*Exercise goal:*
Somewhere below is a line with "Петуния Черный бархат смесь 0,04г" and, later, a line with "宫墙下雪，宫墙雪短剧最新动态--第1张"; repeat those two lines and all the lines between them, exactly as they are.

*Data section:*
--- START ---
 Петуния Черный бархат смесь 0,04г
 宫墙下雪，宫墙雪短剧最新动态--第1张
--- END ---
--- START ---
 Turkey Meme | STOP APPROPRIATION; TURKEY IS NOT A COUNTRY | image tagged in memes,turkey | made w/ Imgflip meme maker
--- END ---
--- START ---
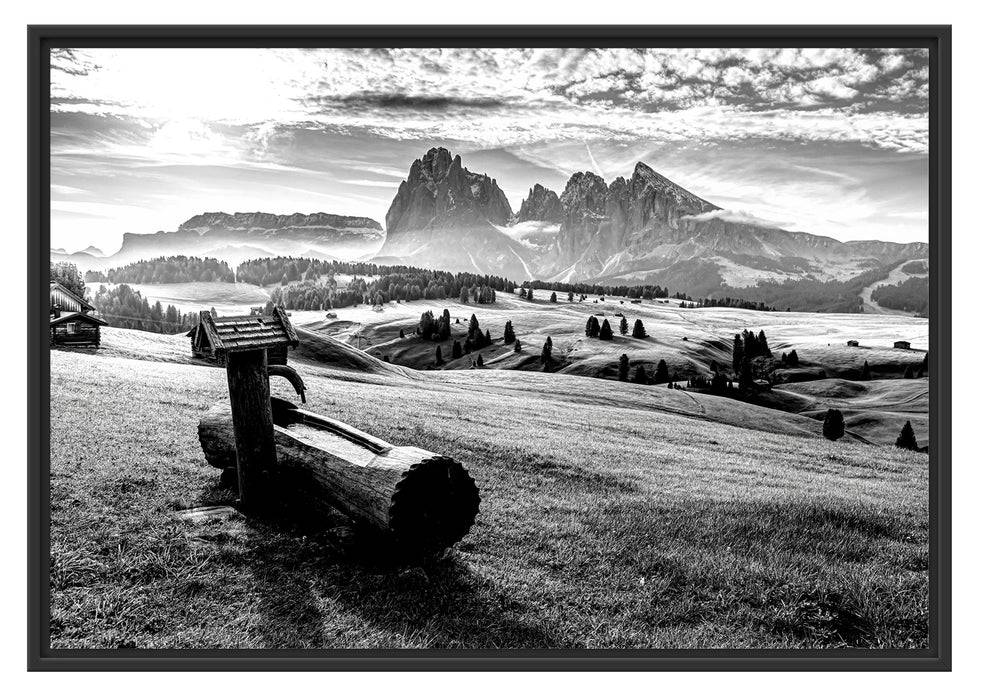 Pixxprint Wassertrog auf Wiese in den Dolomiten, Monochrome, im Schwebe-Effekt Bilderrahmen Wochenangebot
--- END ---
*Response to this exercise:*
 Петуния Черный бархат смесь 0,04г
 宫墙下雪，宫墙雪短剧最新动态--第1张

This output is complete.